According to the Law Society Gazette, video medical examinations for whiplash cases will continue to be allowed despite the UK continuing to emerge slowly out of lockdown.

MedCo, the organisation overseeing diagnosis of soft tissue injury, confirmed last week that the ban on remote examinations will remain suspended ‘until further notice’.

The rules around online appointments were relaxed as a temporary measure at the height of the lockdown caused by the Covid-19 crisis. Restrictions on daily life have eased somewhat since then, but not to the extent that video diagnosis is banned again.

Fresh MedCo guidance states that face-to-face examinations may be permitted if certain conditions are met, and remote meetings are still ‘not a preferred option’. Remote telephone examinations are not permitted.

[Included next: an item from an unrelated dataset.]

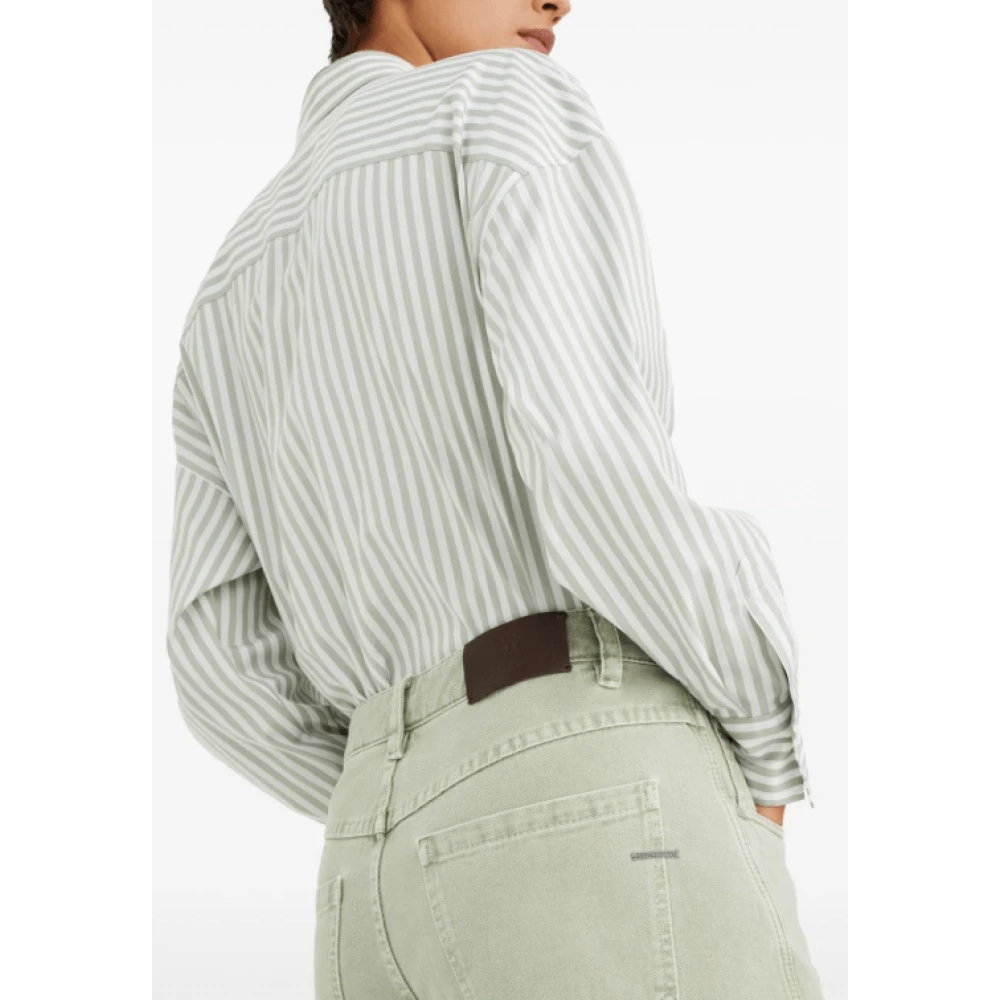 BRUNELLO CUCINELLI Lichtgroene Katoenen Tapered Jeans Green Dames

The guidance adds: ‘Neither claimants or experts should feel coerced in any way to hold either a face-to-face or remote examination and any such instance of perceived coercion should be reported to the appropriate regulators and MedCo.

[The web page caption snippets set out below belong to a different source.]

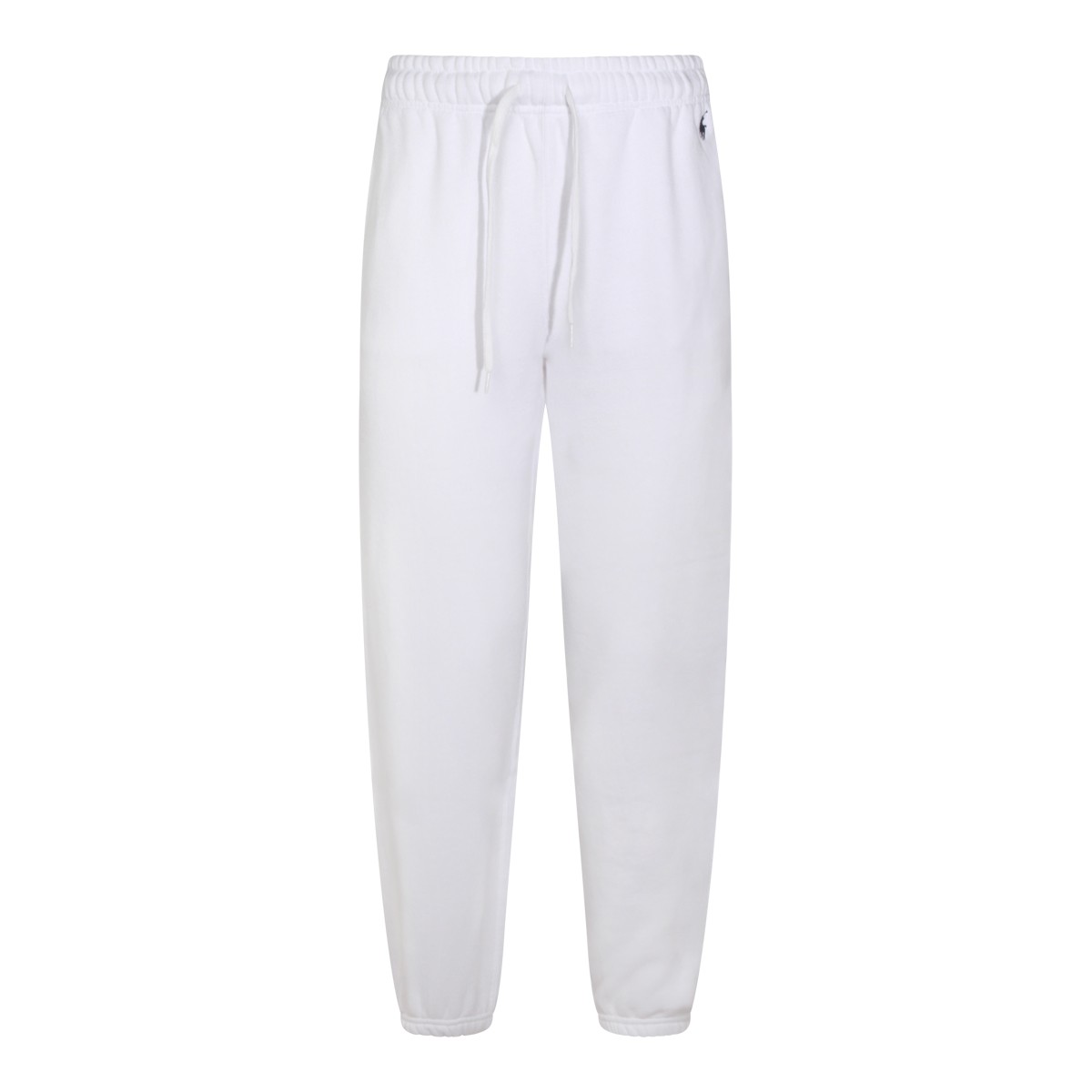 WHITE COTTON BLEND PANTS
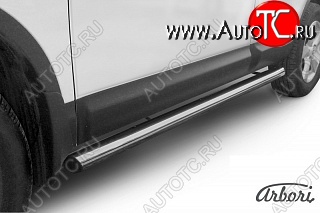 12 509 р. Защита штатных порогов Arbori (нержавейка, d76 mm). Nissan Qashqai 1 дорестайлинг (2007-2010)  с доставкой в г. Кемерово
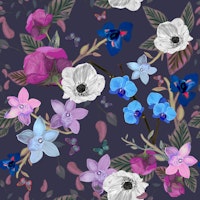 Orchid primulacea and iris behang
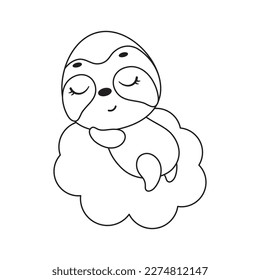 Coloring page cute little sloth sleeping on cloud. Coloring book for kids. Educational activity for preschool years kids and toddlers with cute animal. Vector stock illustration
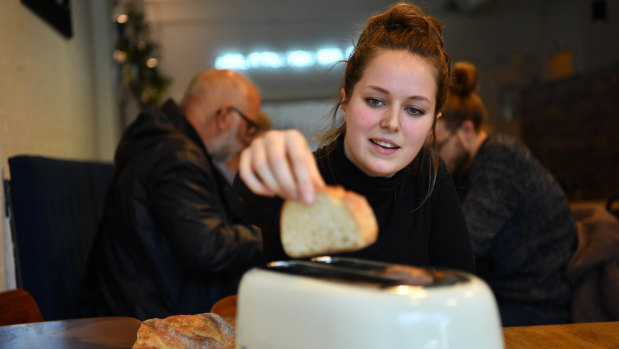 First, you put the toast in (here's Lucy Wiseman demonstrating for us)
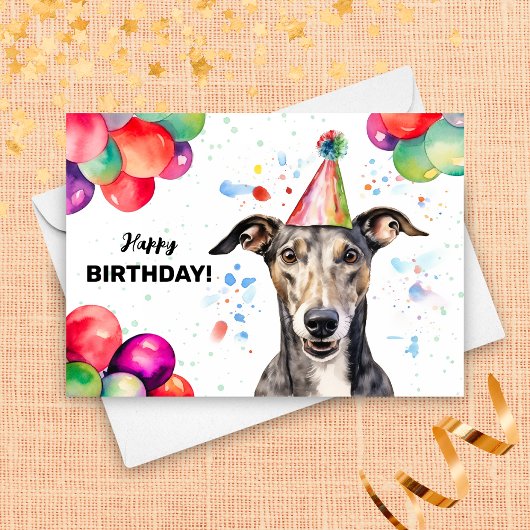 Carte Chien de Greyhound avec Ballons et Casquette de fê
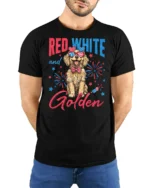 Cute Independence Day American Flag Bowtie Dog Soft Tshirt - model wearing black tee with hands behind back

‘Obtaining the claimant’s ”informed consent” before deciding on a face-to-face or remote examination is of paramount importance and experts, on request, will need to be able to provide documentary proof that such consent was obtained.’

Medics trying to arrange physical appointments must contact the claimant directly and advise on the public health risks and timeframe for doing so.

Remote diagnosis remains a controversial subject given the possibility that it could encourage fraud. There are also concerns that more serious injuries might not be picked up if a medical expert is not able to fully assess the claimant’s condition.

Some personal injury lawyers have reported a fall in instructions from road traffic accidents, caused by the lockdown period where vehicle usage dropped sharply for a period.